Johnson faced the knottiest problem of the post—Civil War era—formulating a policy for restoring the Union. Difficult for Lincoln, this task was even harder for Johnson. Johnson did not understand Northern attitudes toward slavery. Instead, as a Southerner he displayed alternately a sympathetic paternalism and contemptuous hostility. A strict constructionist who believed in limited government, Johnson found federal domination of the people of the South extremely distasteful. He wanted no major change in the relationship between the national government and the states. Johnson’s program left the decision of how to cope with emancipation completely in the hands of white Southerners.

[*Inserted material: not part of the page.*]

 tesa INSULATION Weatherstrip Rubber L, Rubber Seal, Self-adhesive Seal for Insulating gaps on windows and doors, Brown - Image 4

Southerners enacted Black Codes that de facto returned Negroes to slavery. Northerners justifiably feared that freedmen’s basic rights of citizenship would not be recognized. Johnson in 1866 completely broke with the Republican Party when he vetoed civil rights laws designed to protect the rights of ex-slaves.
In 1867, Congress set aside the governments Johnson had created in the South and put Southerners under military supervision until new governments based on civil and political rights were establish. To Johnson this marked the total subversion of the federal system. He hindered the Army’s enforcement of the reconstruction laws through his power as commander in chief. When Johnson tried to gain control of the Army in February 1868, removing the secretary of war, he was impeached by the House of Representatives and tried before the Senate. Furthermore, Johnson in a series of combative speeches lashed out at his congressional critics, calling them “traitors.” He compared the ultra radical Thaddeus Stevens, Wendell Phillips, and Charles Sumner of comparing themselves to the “Savior.” Johnson’s intemperate speeches would later become the basis for articles of impeachment.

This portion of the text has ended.